# ISO Ideas



## Chief Longwind Of The North (Oct 24, 2014)

I have an idea for what could be an exceptional appetizer, but need help with the idea.  Let me preface with the fact that chicken skin, fried in a dry pan until the fat is rendered, to a golden, crispy brown, and lightly salted, and drained on paper towels, is one of  most wonderful flavors around.  Now, envision that yummy, crispy skin wrapped around something, maybe lightly crispy, that would compliment the chicken skin, secured with a toothpick, and deep fried, then salted to make a little ball of crunchy goodness filled with something great.

I thought of cream cheese made into little balls, laced with chives, and garlic, frozen, wrapped, then deep fried.  I'm not sure how well that would work as the cheese would get all melted.  Would the skin hold its shape, or remain crispy?  What other fillings could eb put into the skin, maybe some bread stuffing, or a little ball of pork sausage.  I need ideas.

I bielive that we could put our minds together and create and exceptional appetizer with this wrapped chicken skin theme.

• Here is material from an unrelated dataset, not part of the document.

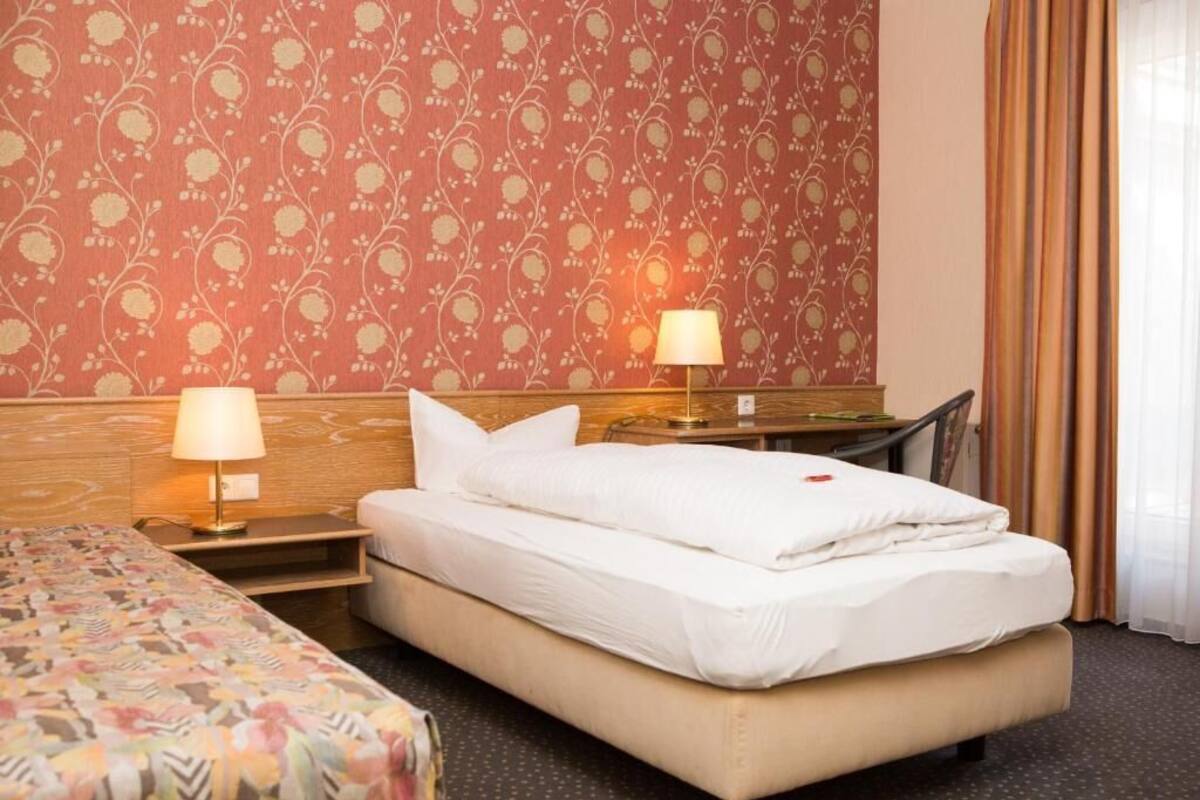 Habitación de hotel con cama, mesitas de noche, lámparas, cabecero de madera y papel tapiz estampado.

Seeeeeeya; Chief Longwind of the North


----------



## Andy M. (Oct 24, 2014)

How about wrapping the partially cooked skin (still pliable but with the fat rendered) around a marinated mushroom then finish on the grill to crisp the skin and add a bit of smoke.  The crispy fattiness of the skin would be complimented by the vinegary astringency of the mushroom.


----------



## Chief Longwind Of The North (Oct 24, 2014)

Andy M. said:


> How about wrapping the partially cooked skin (still pliable but with the fat rendered) around a marinated mushroom then finish on the grill to crisp the skin and add a bit of smoke.  The crispy fattiness of the skin would be complimented by the vinegary astringency of the mushroom.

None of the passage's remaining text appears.